Every time I say bundt I do it in the voice of the mom from ‘My Big Fat Greek Wedding’. Remember that?
Ok, but seriously. I love a bundt cake. And a co-worker introduced me to this shop that sells nothing but bundt cakes. After having one I knew I needed to make some. So off I went to order my own mini bundt cake pan (* Wilton Mini 12 Cavity Fluted Pan) and proceeded to make some for our Easter dinner.
These turned out so good. So lemony and moist. Unbelievably moist. The same friend who introduced me to the bundt cake shop, gave me the tip on how to make these so moist.
These little cakes were more cupcake like and not so dense as a normal bundt cake. But that didn’t matter because they were adorable! And delicious! I can’t wait to try other flavors.
Lemony Mini Bundt Cakes
Ingredients:
1 box Duncan Hines Lemon Supreme Cake mix
3 eggs
1 1/3 c water
1/3 c vegetable oil
1/3 c low fat sour cream
1 – 1 oz box Jello-O instant reduced calorie lemon pudding and pie filling
Zest and juice of 1 lemon
Instructions:
Preheat oven to 350 degrees.
In a large mixing bowl, add all ingredients. Beat with a mixer until combined.
Spray with Pam a 12 ct mini bundt cake tin. Fill between half and 2/3 full. Bake 16-18 minutes.

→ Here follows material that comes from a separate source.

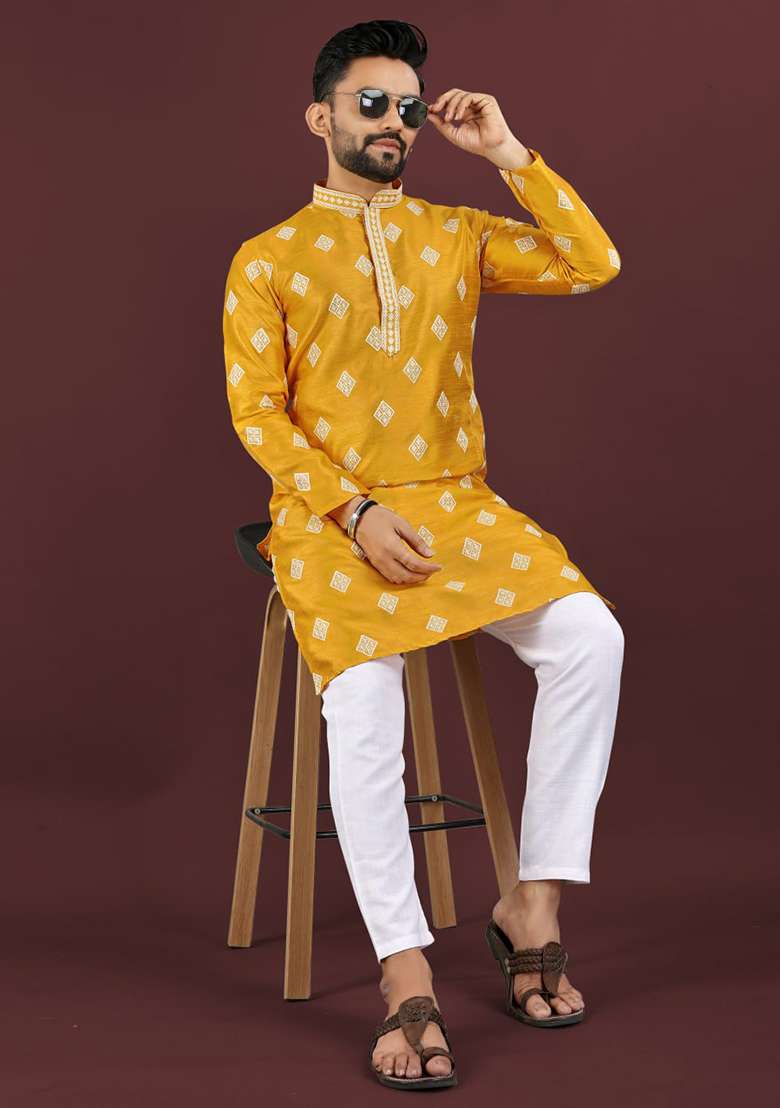 Yellow Embroidery Silk Kurta Set For Men - Indya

Makes around 34 mini bundt cakes.
Lemon Cream Cheese Glaze
Ingredients:
8 laughing cow wedges, original cream cheese spread
1 c powdered sugar
1/2 tsp vanilla extract
4 Tbsp milk
Zest and juice of 1 lemon
Instructions:
In a small mixing bowl, beat cream cheese until creamy. Add in powdered sugar and continue to beat. Mix in wet ingredients and zest. Using either a pastry bag or Ziploc bag, pipe glaze onto mini bundt cakes.